3. Do people's mindsets change as they age? If so, do they become more positive? More negative?
Mindset over the years is a matter of choice. We either learn from our past allowing us to live in thankfulness and gratitude or live as a victim to life and thus waiting for certain situations to come our way before we feel happy, satisfied or joyful. The subconscious mind holds and records all of our memories and experiences. We can never “erase” or change the events. Remember that thoughts are things. The more we store experiences of powerlessness, anger, hate, fear and judgment, the more our body has to respond to these events in a negative, degenerative manner—which ages the body. However we can change our perception by choosing to see how the experience can allow us to learn and grow. Then choose to forgive the persons involved, forgive yourself, be thankful for the lesson and wish the other person well. We are then set free from the negative impact of the experience on the mind, body & energetic systems.
4. What is the science behind why people in their 20's and 30's (especially women!) have a faster metabolism than people in their 40's and 50's?

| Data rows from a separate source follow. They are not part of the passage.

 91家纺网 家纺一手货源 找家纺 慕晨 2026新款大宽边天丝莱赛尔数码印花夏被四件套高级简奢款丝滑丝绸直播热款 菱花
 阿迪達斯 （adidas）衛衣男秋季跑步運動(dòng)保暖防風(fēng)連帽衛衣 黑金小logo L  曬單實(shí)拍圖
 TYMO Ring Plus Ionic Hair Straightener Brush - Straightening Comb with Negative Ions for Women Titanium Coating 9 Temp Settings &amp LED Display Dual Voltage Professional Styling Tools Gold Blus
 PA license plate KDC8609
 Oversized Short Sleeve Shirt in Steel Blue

Our body has the ability to create and degenerate all through our lives. Anabolism is the building, creating part of metabolism and catabolism is the breakdown, degenerative process. The difference between a 60 year old who has aged quickly and a 60 year old who is running marathons lies in the balance of the anabolic & catabolic processes and stress. The more we create the more gracefully we age. Metabolism works in a cycle in which each step of the cycle needs certain nutrients in order to progress to the next step. When these vitamins, amino acids, and or enzymes are not readily available the metabolic process slows down or ceases. Any stress--mental/emotional, physical &/or chemical will cause the body to work and if in larger or chronic demand will begin to deplete the overall system of nutrients, slowing metabolism and fatiguing organs. As an example, the adrenal glands release cortisol with increased levels of stress. Cortisol has also been linked to the body’s tendency to hold onto fatty tissue especially around the abdominal region and upper thigh. Adrenal fatigue can become more devastating to a woman after menopause. As the reproductive system begins to wane in activity, other hormonal organ, such as the adrenal glands must take over or increase function. However, if the adrenal glands are already overworked it will not be able to keep up with the additional demand causing further fatigue, increased inflammation, more serve symptoms during menopause and slower metabolism.

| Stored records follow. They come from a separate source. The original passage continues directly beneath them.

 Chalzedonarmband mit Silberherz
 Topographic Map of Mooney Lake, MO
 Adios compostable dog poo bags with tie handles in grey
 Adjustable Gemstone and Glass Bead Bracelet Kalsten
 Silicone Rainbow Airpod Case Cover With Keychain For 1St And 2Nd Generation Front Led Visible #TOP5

5. What are some ways to keep the mind, body and spirit balanced through the decades?
First, choose to shift your outlook on aging. In the traditional eastern culture, growing older is a privilege which brings experiences, wisdom, growth, and understanding which can be shared with others. It’s a journey of life. Choose to be grateful for the experiences in your life and look forward to all the possibilities of the future.
Focus on making simple choice into habits NOW and build on from there. The 6 Essentials are key choices which you can work with to minimize the stresses of life. Keeping your mind, body & spirit in balance through the decades all comes down to the choices we make from day to day.

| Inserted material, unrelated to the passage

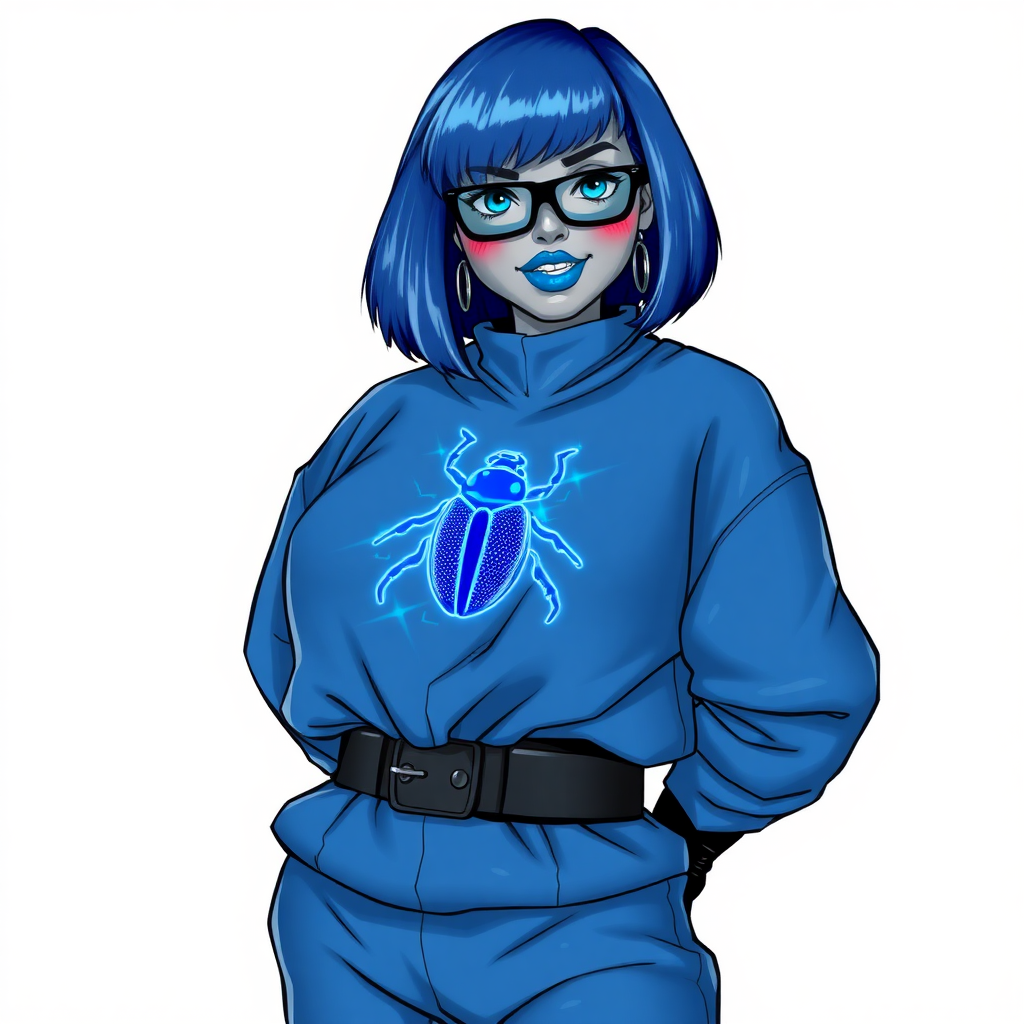 A 28-year-old, full-figured, middle gray metallic-skinned computer program-human hybrid with a maximum blue bob cut. She has a non-athletic build, highlighted by a prominent, round midsection. As a digital sidekick, computer hacker, and nerdy girlfriend to her cyberpunk vigilante boyfriend, her middle gray metallic skin and maximum blue lipstick emphasize her digital nature. She wears an oversized, loose-fitting, maximum blue costume with a neon blue beetle chest icon, a black belt with a sapphire scarab buckle, and black gloves. Her bright blue eyes, black eyeglasses, and lovestruck smile with neon red blush accentuate her nerdiness. She stands bashfully with her hands behind her back, her costume covering all her skin. Her physique is heavily emphasized. She is on a solid white background. She is drawn as if she was in a retro 2D cyberpunk fighting game.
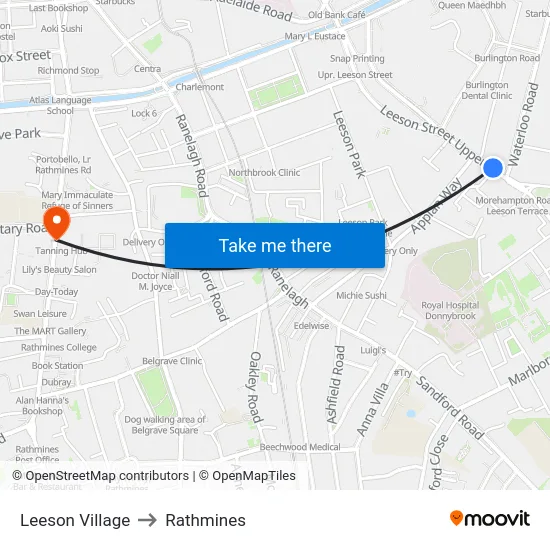 Leeson Village to Rathmines map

Create a Wellness Team to educate & inform you, help support and enhance your health over the years. The team can include holistic practitioners such as chiropractor, acupuncturist, nutritionist who focus on increasing your ability to handle stress and enhance balance in mind, body & energy and holistic dentists, yoga/exercise instructors, exercise partner, and friends who share the same interests. Be committed to learning and practicing how to enhance the body’s ability to create health and age gracefully. You get to choose!